:: Material for the task ::
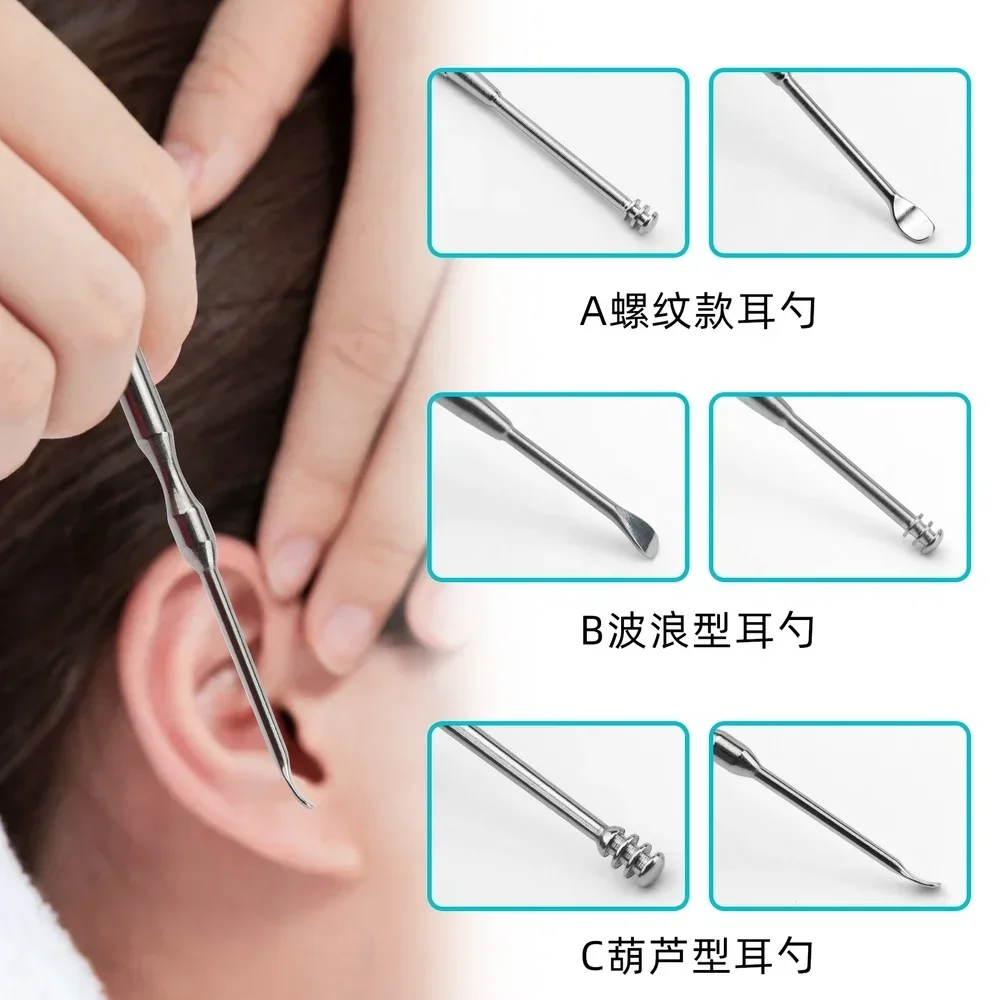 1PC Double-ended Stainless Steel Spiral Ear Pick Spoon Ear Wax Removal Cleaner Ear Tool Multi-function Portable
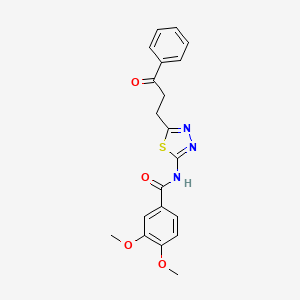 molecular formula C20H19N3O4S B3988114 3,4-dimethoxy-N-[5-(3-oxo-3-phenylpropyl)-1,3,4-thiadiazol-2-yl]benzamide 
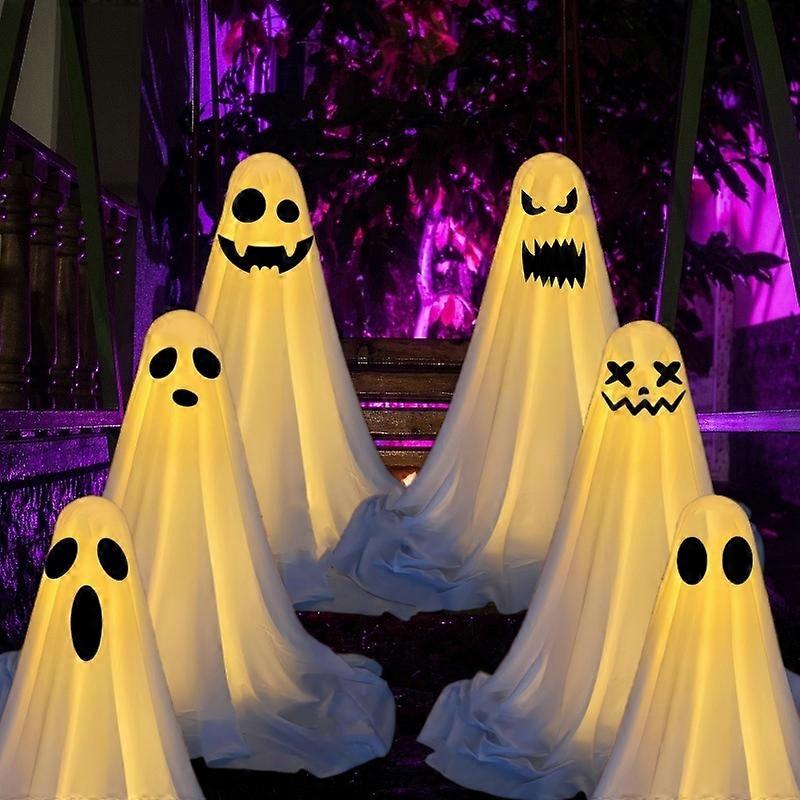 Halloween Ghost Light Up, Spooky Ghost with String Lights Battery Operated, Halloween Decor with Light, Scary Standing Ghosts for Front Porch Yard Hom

* * *

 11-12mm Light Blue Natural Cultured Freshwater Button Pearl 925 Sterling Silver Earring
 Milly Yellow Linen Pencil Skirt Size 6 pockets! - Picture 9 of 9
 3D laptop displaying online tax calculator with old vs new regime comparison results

:: What is required ::
Only the lines between the one with "molecular formula C20H19N3O4S" and the one with "Halloween Ghost Light", those two included, get copied from the material above. Keep it exact and free of pictures.

:: Response ::
 molecular formula C20H19N3O4S B3988114 3,4-dimethoxy-N-[5-(3-oxo-3-phenylpropyl)-1,3,4-thiadiazol-2-yl]benzamide 
 Halloween Ghost Light Up, Spooky Ghost with String Lights Battery Operated, Halloween Decor with Light, Scary Standing Ghosts for Front Porch Yard Hom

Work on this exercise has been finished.